Au moment de la colonisation, les Allemands dans un premier temps, les Belges par la suite, vont classer les populations en fonction de leurs activités et de leur apparence physique ; ils définissent que les Tutsis sont supérieurs et aptes à dominer les Hutus. Et bien entendu, cela laissera des traces…
3. Le Contexte du massacre
En juillet 1962, Le Rwanda obtient son indépendance. Trois années auparavant, suite à la mort mystérieuse de Mutara Rudahigwa, Kigeli V. Ndahindurwa est placé au pouvoir. Les Hutus veulent être intégrés au nouveau gouvernement, ils manifestent leur désaccord avec leur exclusion. Très vite, la tension monte lorsque la rumeur de l’assassinat de l’un des leurs se propage. Les Tutsis minoritaires sont massacrés et la plupart d’entre eux vont s’exiler dans des pays limitrophes.
Au moment de l’indépendance, La première République Hutu est mise en place. Grégoire Kayibanda en est le président. Il adopte une politique de double répression à l’encontre des Tutsis. Ceux qui sont restés sur le territoire sont persécutés et tués. Ceux qui l’ont quitté sont maintenus en exil.
En 1973, un coup d’État élève Juvénal Habyarimana, alors ministre de la Défense, à la tête du pays. Sa politique semble plus clémente envers les Tutsis. Il met tout de même en place un système de quotas discriminants : Seuls 10% des Tutsis peuvent s’instruire et travailler.
Les Tutsis et les opposants Hutus exilés en Ouganda créent en 1990 le Front Patriotique Rwandais (FPR). La branche armée de ce parti, aidée par l’armée angolaise, lance une offensive au nord du Rwanda. Le président Habyarimana bénéficie de l’aide de la France, de la Belgique et du Congo (RDC) et parvient à repousser cette attaque.

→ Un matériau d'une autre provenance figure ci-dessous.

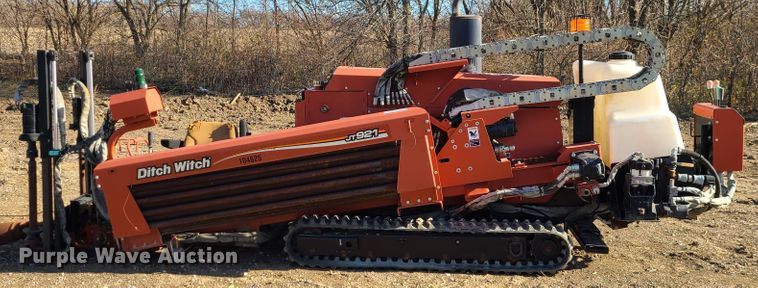 image for item GB9130 2006 Ditch Witch JT921  directional boring unit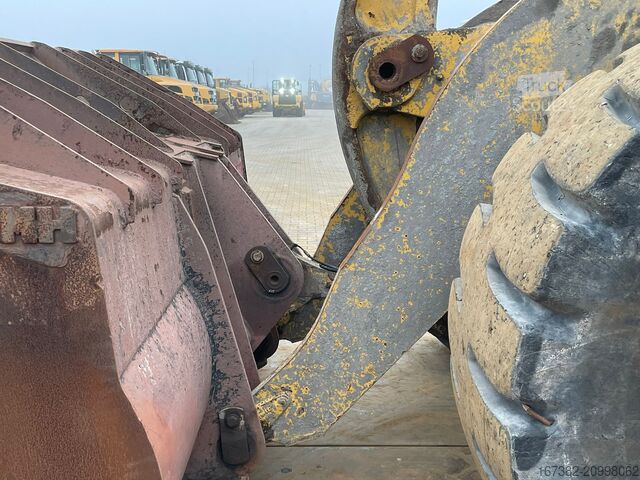 Chargeuse Caterpillar 966M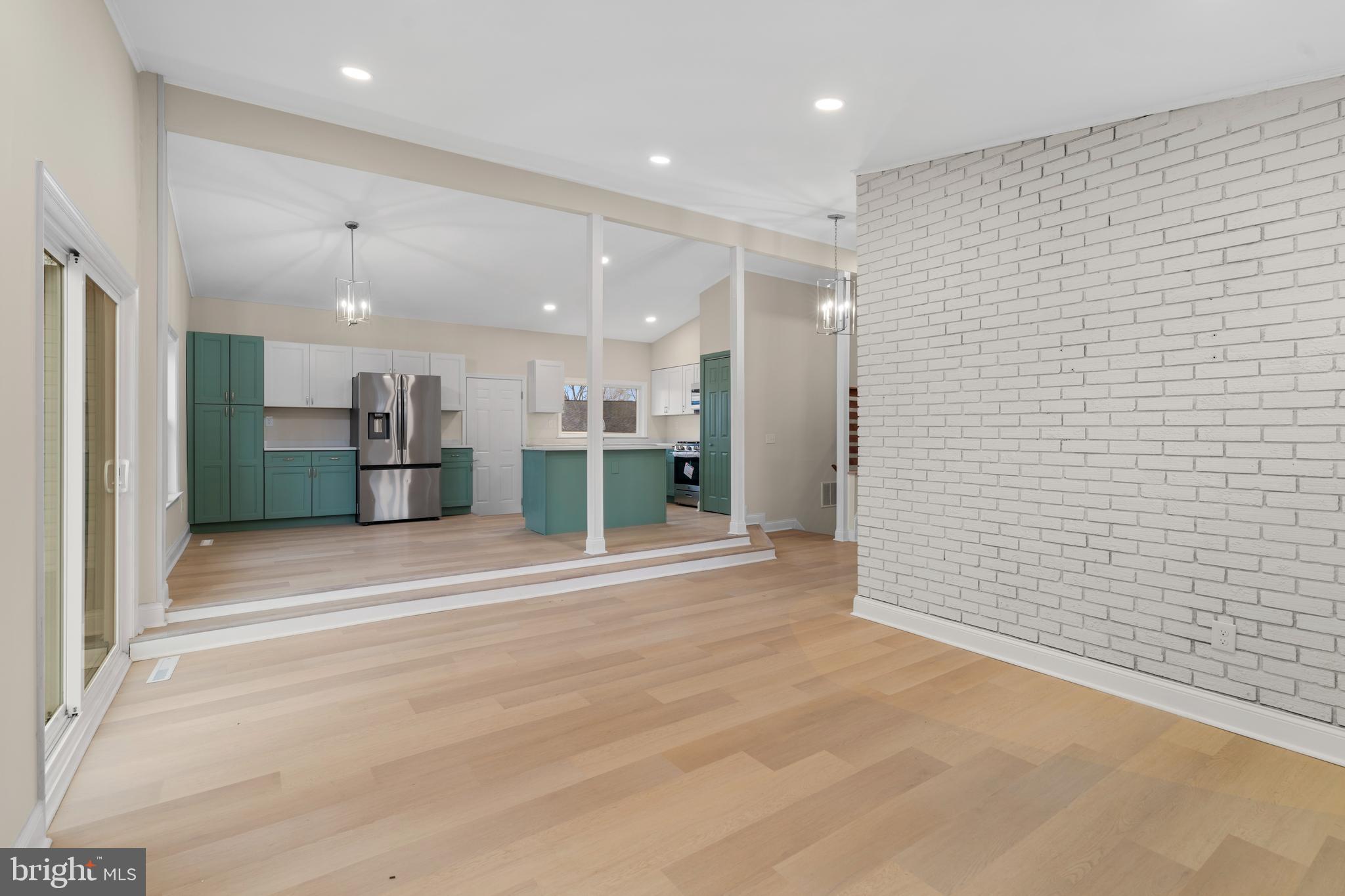 BELLE FARM ESTATES - Residential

Juvénal Habyarimana voit son pouvoir diminuer en 1992 lorsque les partis d’opposition remportent les élections. Un attentat contre l’avion du Président Habyarimana est perpétré. C’est l’élément déclencheur d’abord d’une rumeur qui va s’amplifier jusqu’à aboutir au génocide.
4. La sortie du conflit
Le FPR est l’un des acteurs principaux de la reconstruction même si certains, comme Faustin Twagiramungu, l’accusent d’exactions. Le 19 juillet 1994 un nouveau gouvernement est constitué. Pour reconstruire le pays, l’une des premières étapes nécessaires , et sans doute la plus difficile, est de rendre la justice.
Pour cela, le Rwanda fait preuve de beaucoup de créativité. Centraliser le jugement de tous semble bien trop complexe. Il décide alors de revenir aux tribunaux populaires traditionnels : les gacacas (arbres à palabres). Cette méthode d’avant la colonisation consistait à résoudre les conflits au sein d’un village. Un juge était choisi par la communauté et chacun, face à lui, racontait leur propre vécu du drame. Dans le cadre de l’après génocide, cette forme de thérapie collective a permis aux bourreaux d’être face aux victimes. Cette confrontation n’a pas seulement été vecteur de jugement, mais aussi de rapprochement.
Le lien a, au moins, été rétabli. Le gacacas, bien plus qu’un simple tribunal, est un lieu qui permet une véritable confession du bourreau et un réel pardon de la victime.
Comme toute thérapie, les gacacas font ressurgir des émotions vives dont les effets ne sont pas tous prévisibles. Le gouvernement s’emploie donc à former des milliers de « conseillers en traumatisme ». Cette démarche concerne aussi bien les victimes que les bourreaux.
20 ans après, les plaies semblent cicatrisées mais le souvenir reste douloureux. Le Rwanda n’en est pas moins un véritable modèle dans la construction d’un processus de réconciliation. Hutus et Tutsis ont réussi à se redéfinir des valeurs communes qui facilitent leur vie ensemble. Au delà de ça, ce qui résulte de ce génocide ; c’est le : « PLUS JAMAIS ». Le pays travaille pour que la mémoire de ce drame subsiste mais aussi pour qu’elle soit une force de dissuasion. « Il faut une reconstruction mentale, si nous voulons qu’une telle barbarie ne se reproduise pas », a insisté le professeur Bouba Diop, médiateur de l’Ucad (Université Cheikh Anta Diop) de Dakar.